Looking Your Best Online

Perception is everything on the Internet. You are what Internet users believe you are.

If you have work experience, chances are you have an account on a professional connection site like LinkedIn®. You may also have a Facebook® account and accounts on other social media sites. Punch up, and update, your LinkedIn profile, and make sure to provide your most current contact information. Many companies looking for new hires use LinkedIn to find likely prospects. LinkedIn also lists job openings that might be appropriate for you.

You want to look your best online when undertaking a job search. Go through your social media posts and remove anything that doesn’t make you look professional. Remove political opinions, controversial information and goofy pictures of your last frat party.

Many companies request credit histories of potential employees to see if they’re fiscally responsible.  According to a survey released by the Society for Human Resource Management in 2010*, 13 percent of the companies surveyed check the credit reports of all candidates and 47 percent check some candidates.

Obtain a credit report at www.annualcreditreport.com. This site allows consumers to request a free credit report once per year from the three major credit reporting agencies: TransUnion®, Equifax® and Experian®. Review the report carefully and notify the reporting agency of any errors in your credit history. By law, errors in credit reports must be investigated and fixed when they are found to misrepresent the owner of that credit history.

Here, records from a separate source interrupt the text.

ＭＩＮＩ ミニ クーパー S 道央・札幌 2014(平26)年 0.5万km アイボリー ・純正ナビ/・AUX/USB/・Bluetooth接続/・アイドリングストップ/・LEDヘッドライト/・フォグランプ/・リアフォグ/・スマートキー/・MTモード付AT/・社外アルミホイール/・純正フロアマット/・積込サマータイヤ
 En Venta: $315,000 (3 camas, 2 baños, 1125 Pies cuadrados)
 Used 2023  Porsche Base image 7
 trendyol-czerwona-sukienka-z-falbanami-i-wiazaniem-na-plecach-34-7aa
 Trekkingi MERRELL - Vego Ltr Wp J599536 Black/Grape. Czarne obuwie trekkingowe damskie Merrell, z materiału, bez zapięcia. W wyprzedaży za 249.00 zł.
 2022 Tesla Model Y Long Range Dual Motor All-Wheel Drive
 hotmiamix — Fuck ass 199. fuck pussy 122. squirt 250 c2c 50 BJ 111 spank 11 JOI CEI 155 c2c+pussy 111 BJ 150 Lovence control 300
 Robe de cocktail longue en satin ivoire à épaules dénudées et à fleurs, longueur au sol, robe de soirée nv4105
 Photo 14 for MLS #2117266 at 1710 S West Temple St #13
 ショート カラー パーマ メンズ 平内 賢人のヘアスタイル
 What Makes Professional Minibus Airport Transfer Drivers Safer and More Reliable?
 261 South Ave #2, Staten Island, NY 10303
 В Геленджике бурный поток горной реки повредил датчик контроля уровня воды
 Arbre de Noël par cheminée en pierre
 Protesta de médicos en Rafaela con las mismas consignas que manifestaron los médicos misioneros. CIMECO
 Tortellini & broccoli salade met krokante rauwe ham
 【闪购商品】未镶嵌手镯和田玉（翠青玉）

Also, conduct a search of your own name to determine if there’s negative information posted about you on industry blogs, school blogs, background search websites and other places where your name and employment history might appear.

Finally, check your job search sites, and your email inbox, daily. Refine your employment profile so it highlights your professional strengths and makes you more interesting to a potential employer.

Use the Internet to find a job by taking a more pro-active approach to your job search. Reach out to prospective companies. You never know when your next job will show up in your email inbox.

Good luck. There’s employment out there, and the Internet is the best way to find it.

* http://www.bankrate.com/finance/personal-finance/can-bad-credit-ruin-your-job-search.aspx

 

The information provided is offered for general informational purposes only and should not be construed as tax, legal or business advice. Consult with an attorney or other professional concerning your own needs and circumstances.

This article may contain trademarks or tradenames owned by parties who are not affiliated with Nevada State Bank.  Use of such marks does not imply any sponsorship by or affiliation with third parties and Nevada State Bank does not claim any ownership of or make representations about products and services offered under or associated with such marks.